Find the line below with "Traditional Cream Motif Bordered Rug - Dana" and the line with "Tahari Boots size 11m". Output exactly those lines and everything between them, leaving out the pictures.

## Dataset extract
◇ ◇ ◇ ◇ ◇ ◇ ◇
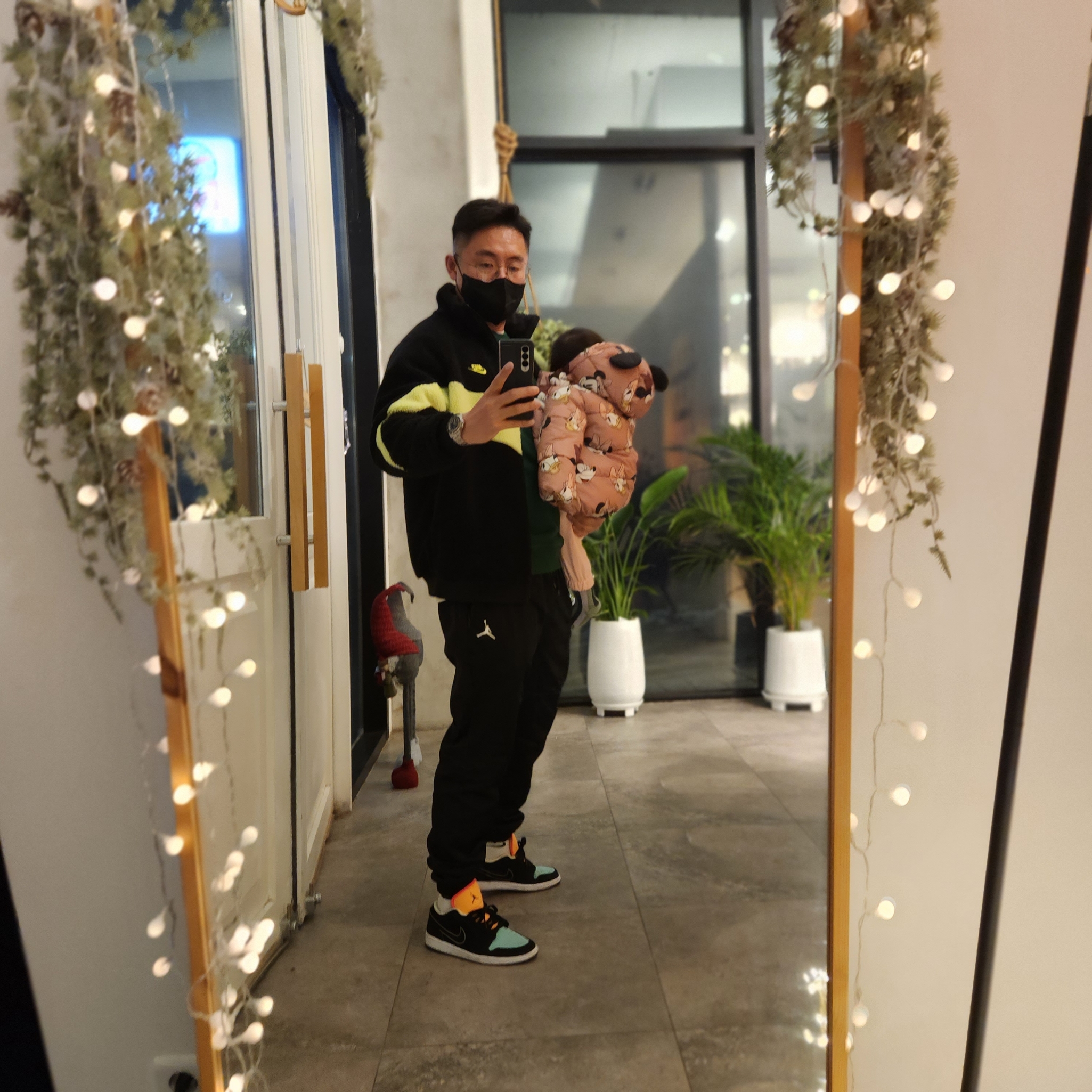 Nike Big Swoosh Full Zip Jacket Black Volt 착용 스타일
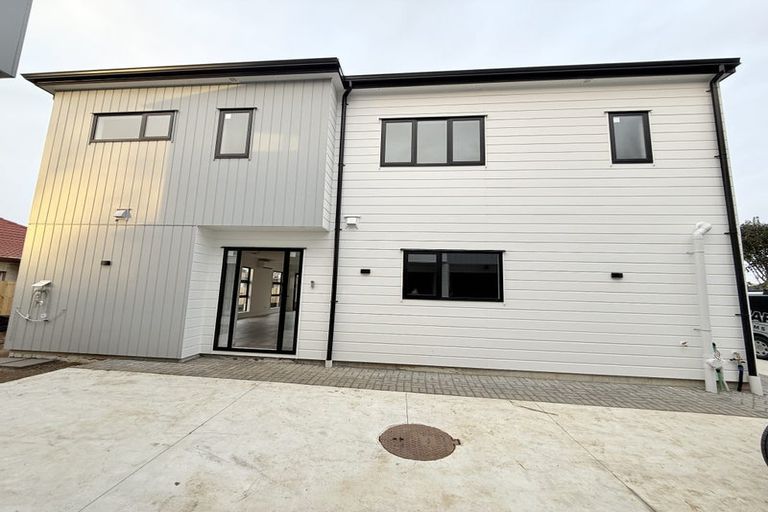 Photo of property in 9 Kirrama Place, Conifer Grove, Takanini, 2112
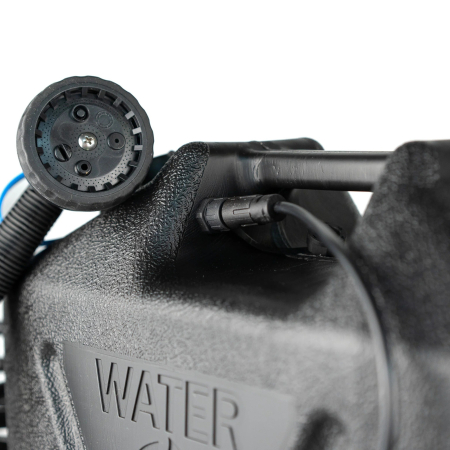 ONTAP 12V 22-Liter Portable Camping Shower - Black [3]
◇ ◇ ◇ ◇ ◇ ◇ ◇
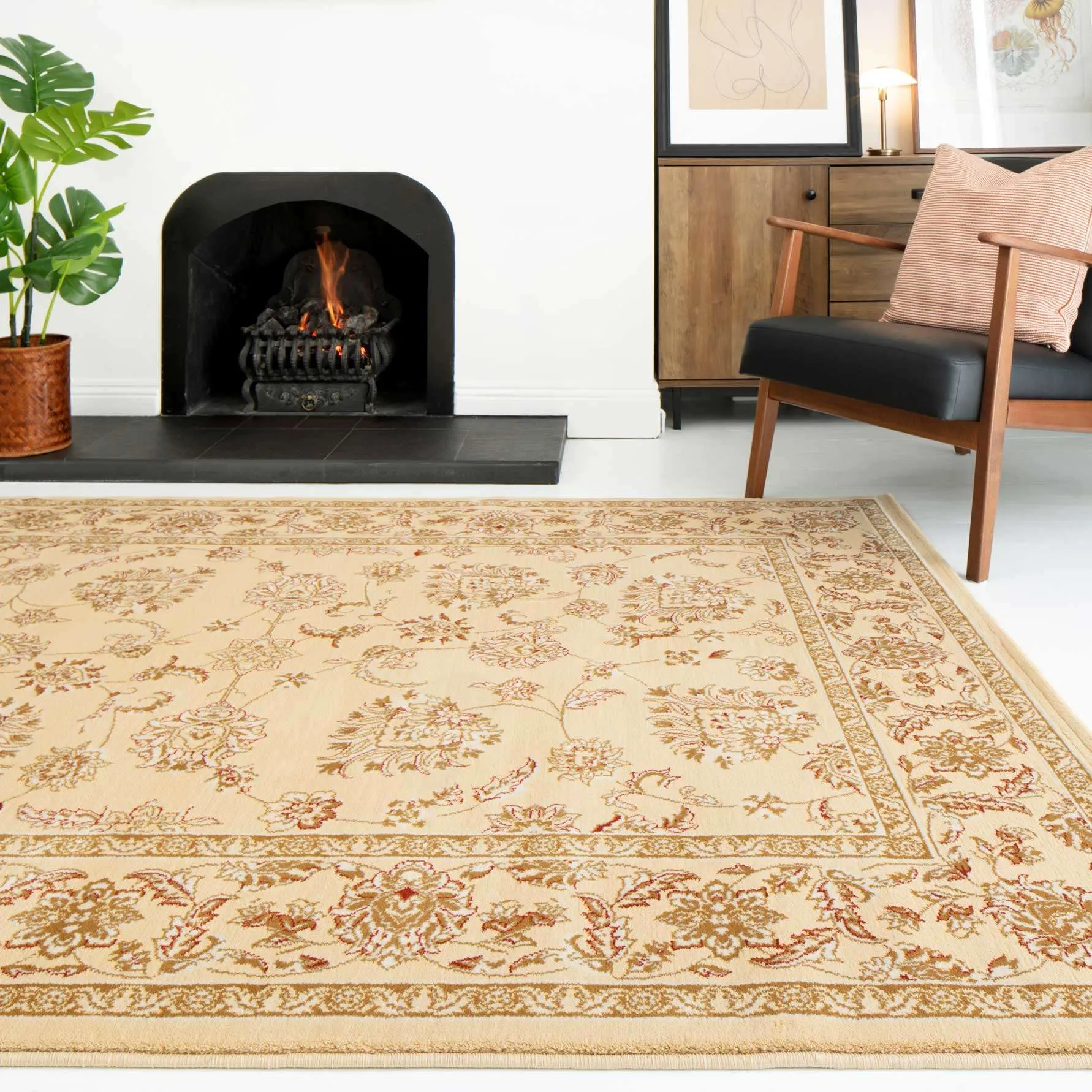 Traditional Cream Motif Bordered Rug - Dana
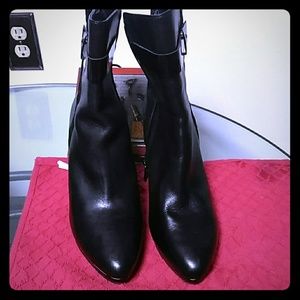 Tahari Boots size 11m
◇ ◇ ◇ ◇ ◇ ◇ ◇
## Task answer
 Traditional Cream Motif Bordered Rug - Dana
 Tahari Boots size 11m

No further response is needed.